Found some useful comments in this book but found it very heavy going after a while. Its a very personal thing to be able to tell if somebody else will get a lot out of it. Certainly not a waste of money though and may have something to do with readers frame of mind!
I finished the book and was all gungho on trying the techniques. But I can't predict always predict when something will set him off and he's beyond reasoning with once he gets started. We went for ice cream today and he had a fit because they were out of the flavor he wanted. Yesterday it was not getting him a Happy Meal. It just goes on and on. If he doesn't get what he wants, when he wants it and how he wants it, he throws a fit and just gets mean. He's only six but seems to be getting worse as he gets older. When he's not having a tantrum, he's a sweet, charming, funny, lovable boy. It's like a jeckle/hyde split. I'm going to reread the book and start from scratch. I try asking some of the questions and try coming up with solutions and alternatives when he's calm and all I get from my son is mumbles and smart alecky answers or he just ignores me completely.

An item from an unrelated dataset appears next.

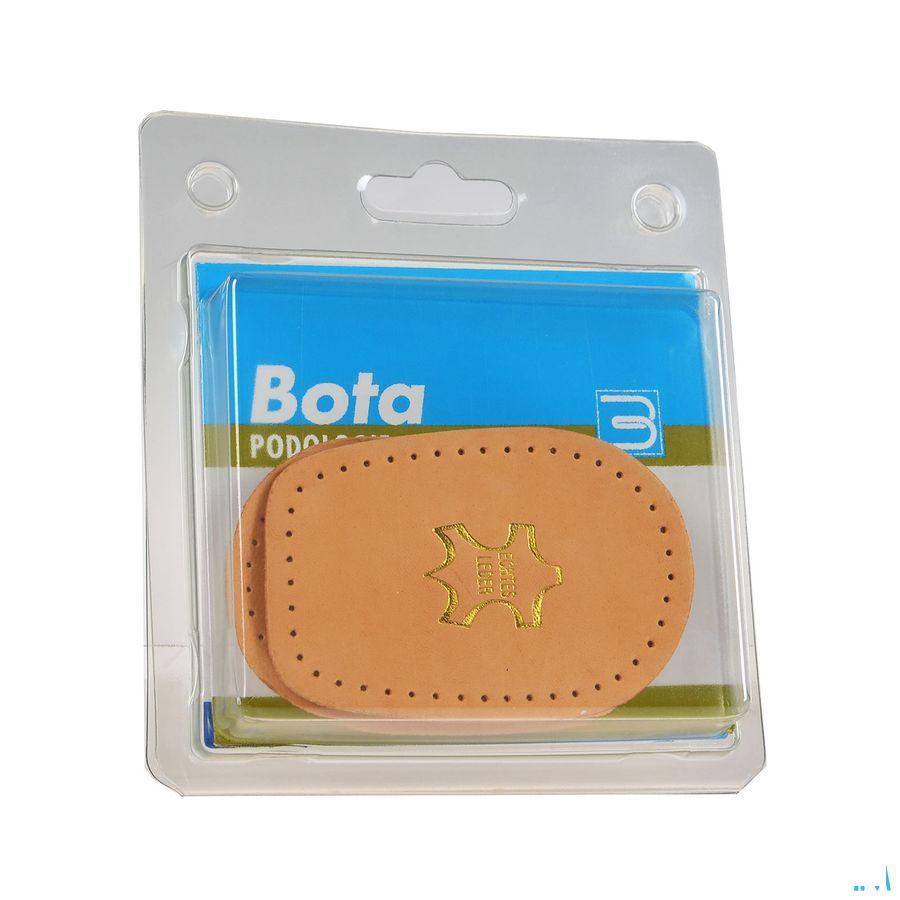 Bota Podo 11 Hielverhoger 42-46 1paar  -  Bota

My son has some behavioral issues, mainly the "give me's". I thought this book would help. While it does seem to be a very well written book by a well educated doctor, it's more for children is EXTREME behavioral issues. If you love your child, but are fearful of them seriously hurting themselves and/or others, this book might be able to help you better understand your child and how they feel. It is very insightful in those regards. But, if your little one with ADD or ADHD doesn't have violent tendencies, this book may do nothing more than help you to better appreciate what you do have. It does have one passage that I found to be very insightful for me personally. "If a child COULD behave, he would behave". This made me realize my son runs around the room like a wild cat sometimes because he literally can't make himself stop. His brain is moving and thinking at a pace that I can not understand. It's all about empathy.
I found this book to have a bit of a blaming tone towards parents, first of all. Perhaps because I'm comparing it to Raising Your Spirited Child and 10 Days to a Less Defiant Child, which are very empathetic books towards the parents' and kids' perspective. This book is a bit condescending at times.
The other thing I didn't like is that he offers 3 plans, 1 of which he ever-so-subtly points out is worthless, but then throughout keeps suggesting it as an option, which just seems a little condescending. You can do this OR you can do this (the RIGHT choice). Plan B is a great plan, perhaps when you are working with a kid who is fairly self-aware (over the age of 7, maybe). It's not a good plan for younger kids. I tried it with my four year old and though she is incredibly verbal, she couldn't really tell me "what's up? (why she does _____)" and though she could think of some solutions, she had no ability to stick to anything we agreed upon the next day. So, just know - not for kids under the age of 7ish, I'd think.